I guess I had figured I never needed to say those words, because I had naively believed that everyone wants to get married some day. I'm learning that I'm wrong, people are becoming increasingly happy without the institution. The least I can do is be honest about what I'm looking for.
I don't think I've ever voiced these words to the men in my life. Not that this is going to cure my dating ills, but at least I'll put upfront where I eventually see myself. Then he'll either get out early, or he'll move ahead fully aware.
I guess I had figured I never needed to say those words, because I had naively believed that everyone wants to get married some day. I'm learning that I'm wrong, people are becoming increasingly happy without the institution. The least I can do is be honest about what I'm looking for.
6 Comments:
I thought that I did not have to say anything either. And for the most part, it is correct. Men whom I have dated came right out and said it "I assume you want to get married one day". I guess I have never yet met the kind of guy that would assume otherwise. But it might also have to do with the fact that I live in DC, and a woman near 30 living in DC is definately waiting to be married. At least that is the perception over here.

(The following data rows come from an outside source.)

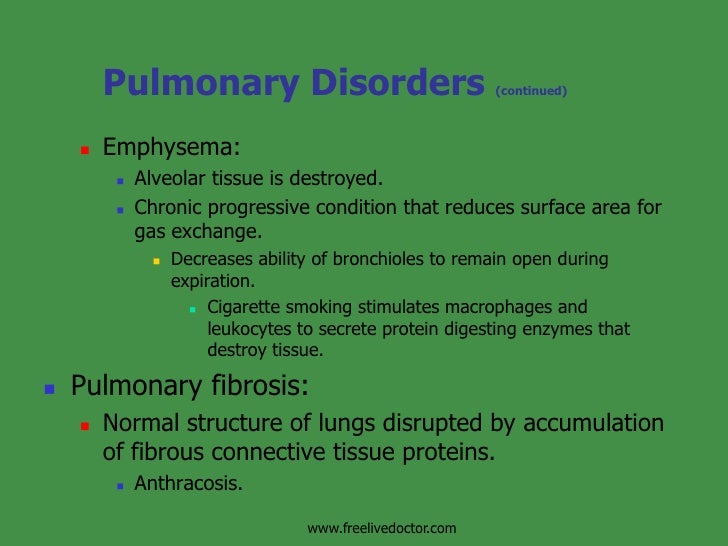 Physiology Of Respiration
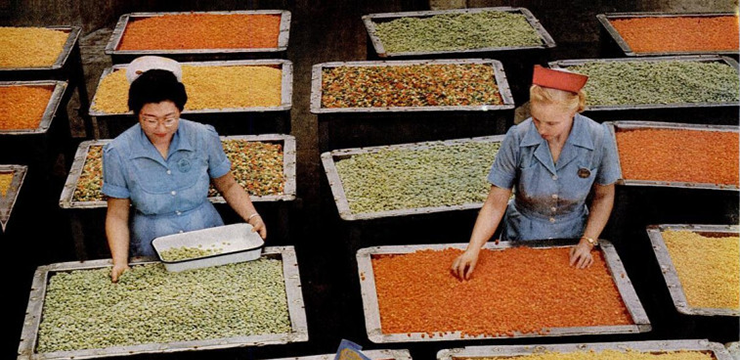 Photo of women vegetable sorters removing damaged and misshapen lima beans and corn from large bins. “Vegetable Varieties,” Life, Jan. 3, 1955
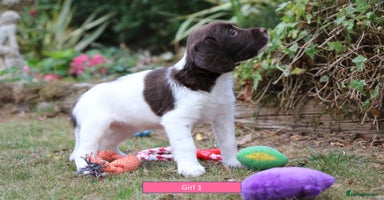 English Springer Spaniel dogs - Advert 16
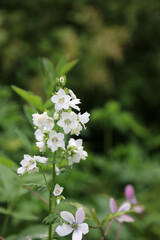 Macro image of white Jacob's Ladder blooms, North Yorkshire England
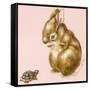 Bunny and Turtle-Peggy Harris-Framed Stretched Canvas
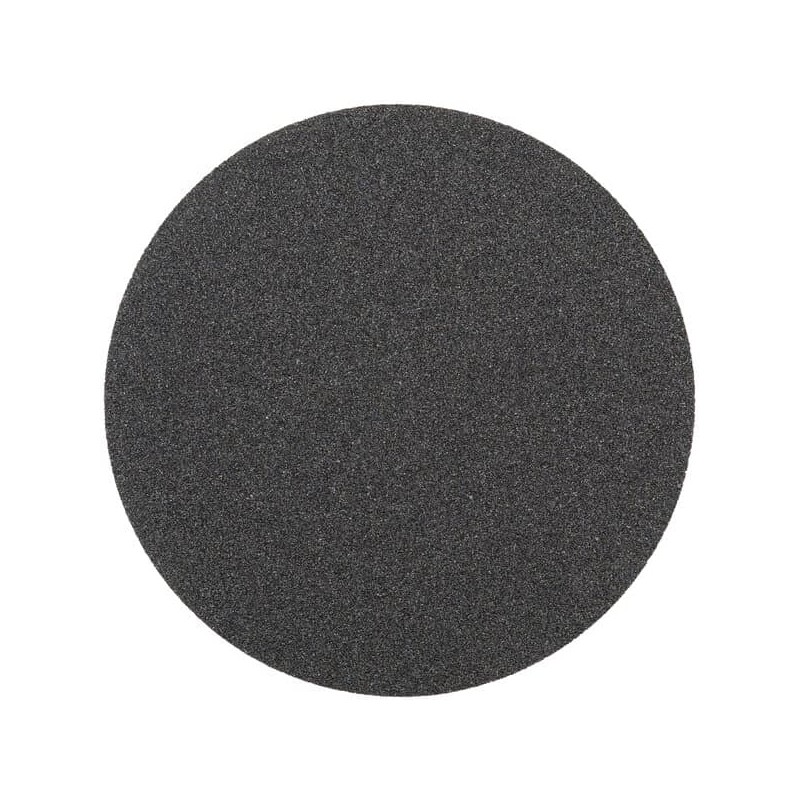 Disque abrasif PS 19 EK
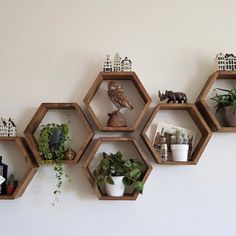 several hexagonal shelves with plants and figurines on them against a white wall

well i think there's a certain stigma around the M word - we dont want to say it or use it because it tends to make men run in the other direction. i'm not sure that's NOT a safe assumption.
I don't use the M word either, but then again--it annoys me that I don't. Mostly because--so What if I want to get married someday??
I think some men have a tendency (or I suppose I should say people) to assume that just because I mention marriage, it means I want to Marry THEM (which may or may not be the case). Just because I talk about marriage doesn't mean I am only focused on marriage. I also talk about tampons--and that doesn't mean all I can think about is tampons, you know??
Still, I do agree w/you that being able to vocalize what you want is a good thing.
sometimes i think i'm kinda commitment phobic 'coz i'd do a bit of a freak out inside when a guy i'm seeing mentions marriage (well not exactly that word but leaning towards the general idea of me, him, kids, dog, farm whatever). when in actual fact i do want to get married. maybe it's not commitment phobia but just that you haven't really found the guy you even want to marry.
There's something to be said for living and thinking with intention. There's a lot of power in it. I was watching the InStyle Special theother night with a re-cap of the "celebrity" weddings. Normally, I'm all "Oh God..what a waste oif money." Right then, I decided to stop thinking that way and start picturing what I'd wear on my wedding day. I know it sounds crazy but you literally have to psyche yourself into a great relationship.
Sex & Moxie
http://www.moxieblog.typepad.com
I wonder why in today's age it seems almost dirty to mention the fact that you may want to spend your life with one person? I'm in your boat, never really mentioned the words much except when I was younger and now I the near thought makes me break out into hives, but some day, some day ...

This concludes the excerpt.